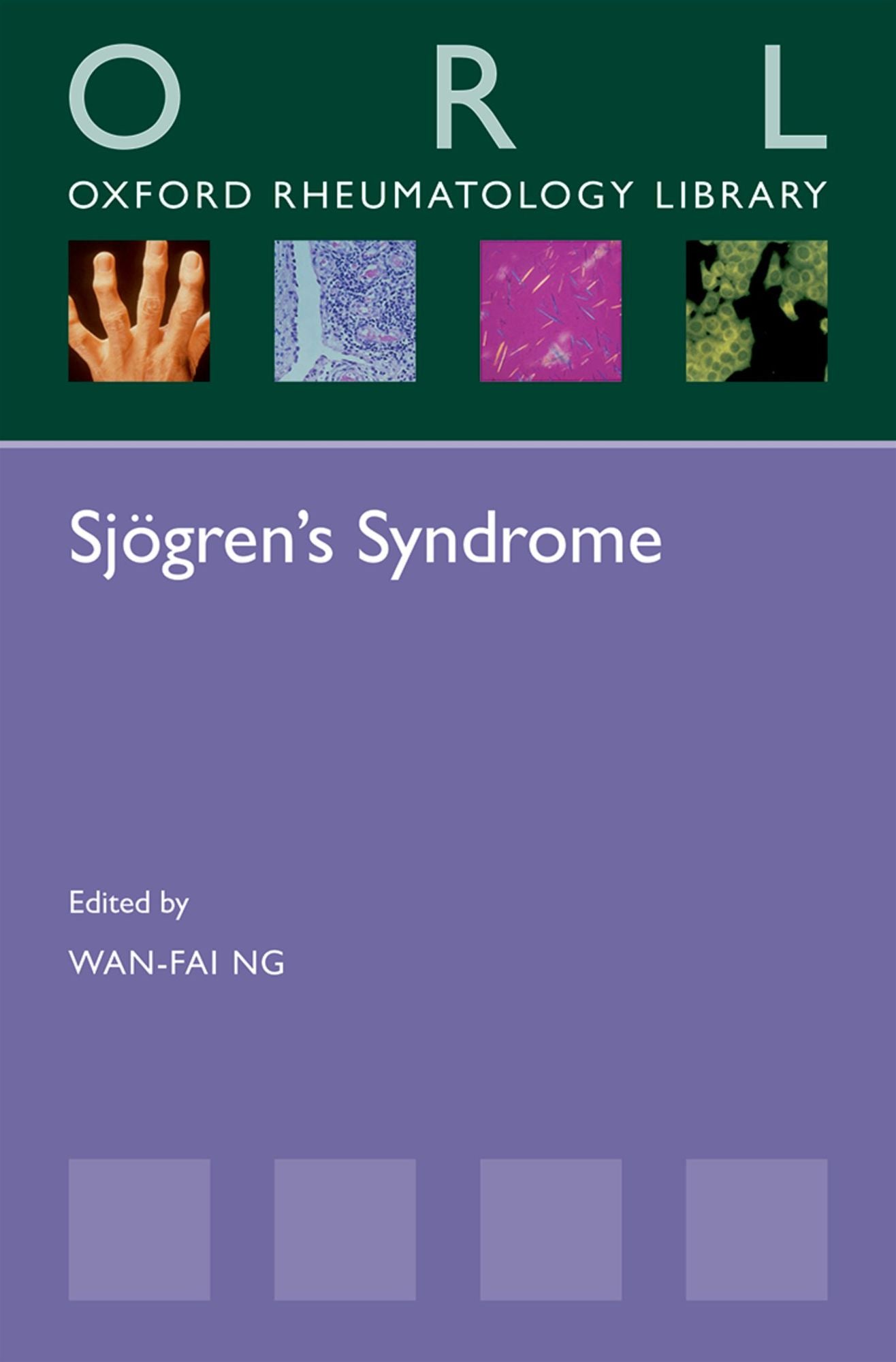 Sj#x000F6;gren's Syndrome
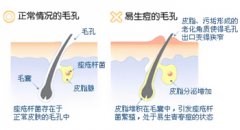 長春膚康醫(yī)院 青春痘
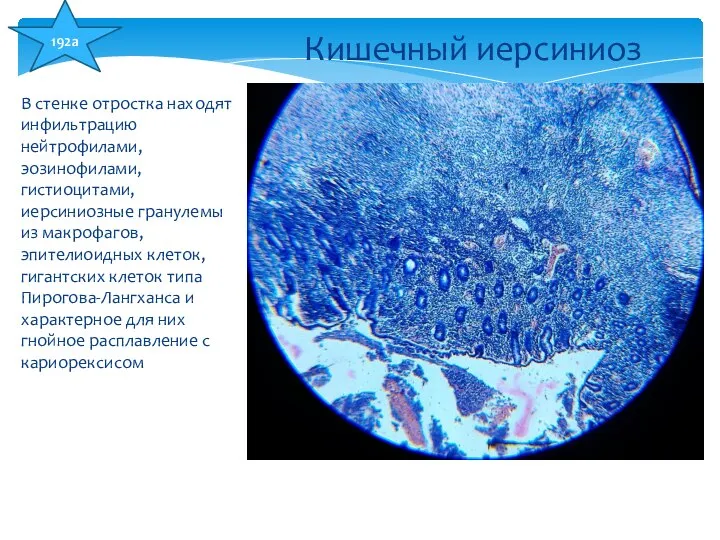 В стенке отростка находят инфильтрацию нейтрофилами, эозинофилами, гистиоцитами, иерсиниозные гранулемы из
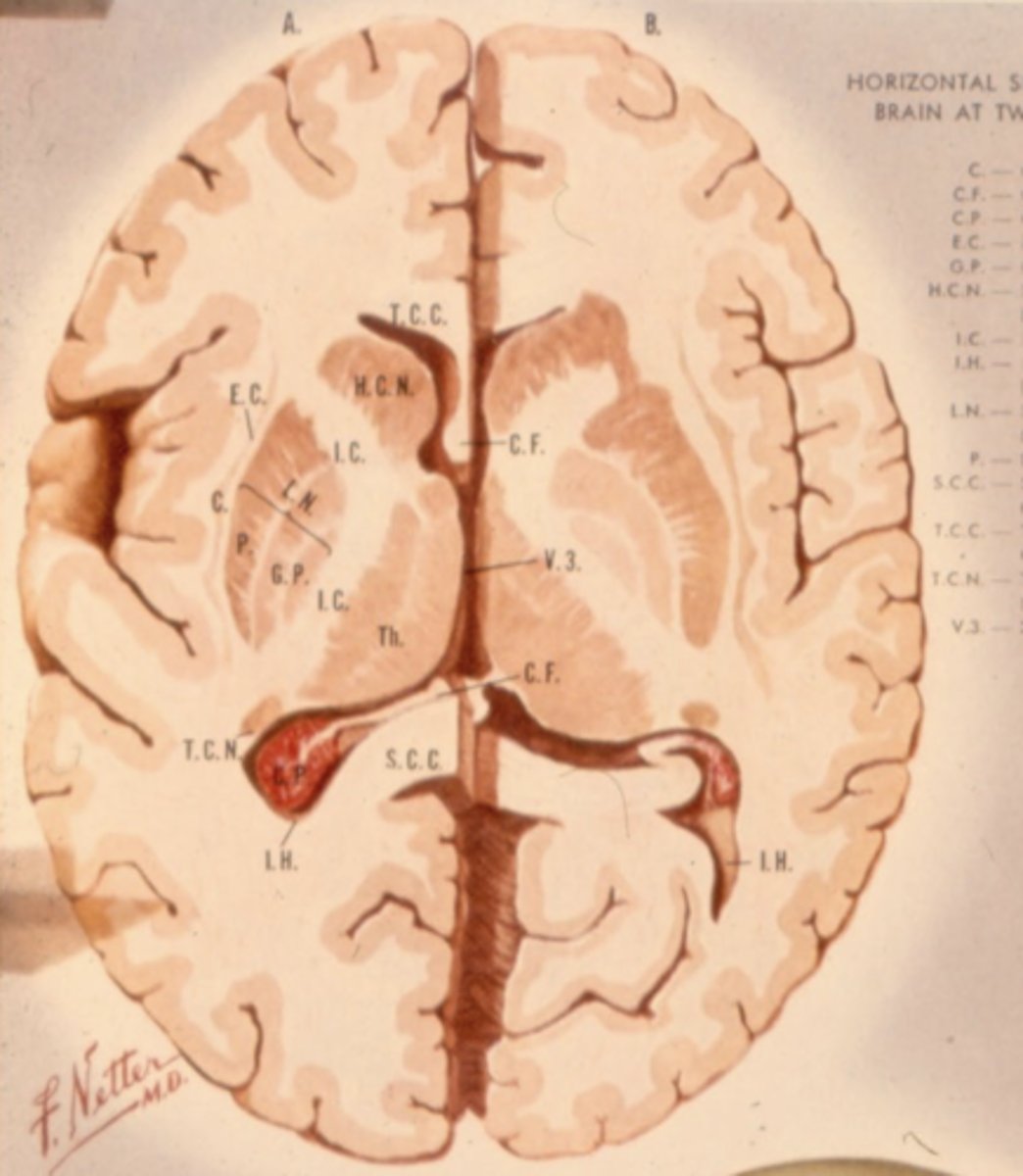 <p>posterior limb of internal capsule</p>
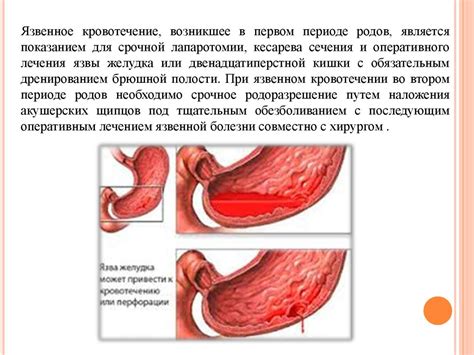 Язвенная болезнь желудка и двенадцатиперстной кишки - презентация онлайн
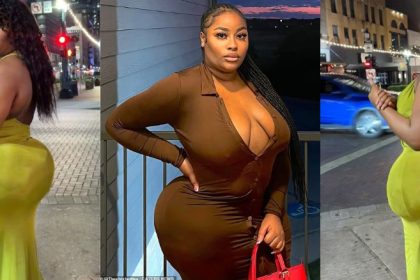 My BBL is TOO Big And Nearly Killed Me – Lady Shares Near-Death Experience After Extreme BBL Surgery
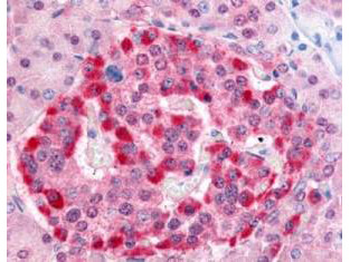 PARK7 Antibody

> TO DO: If the data includes images, omit them, and set down everything else exactly as above.

> ANSWER TO THIS PROBLEM:
 Sj#x000F6;gren's Syndrome
 長春膚康醫(yī)院 青春痘
 В стенке отростка находят инфильтрацию нейтрофилами, эозинофилами, гистиоцитами, иерсиниозные гранулемы из
 <p>posterior limb of internal capsule</p>
 Язвенная болезнь желудка и двенадцатиперстной кишки - презентация онлайн
 My BBL is TOO Big And Nearly Killed Me – Lady Shares Near-Death Experience After Extreme BBL Surgery
 PARK7 Antibody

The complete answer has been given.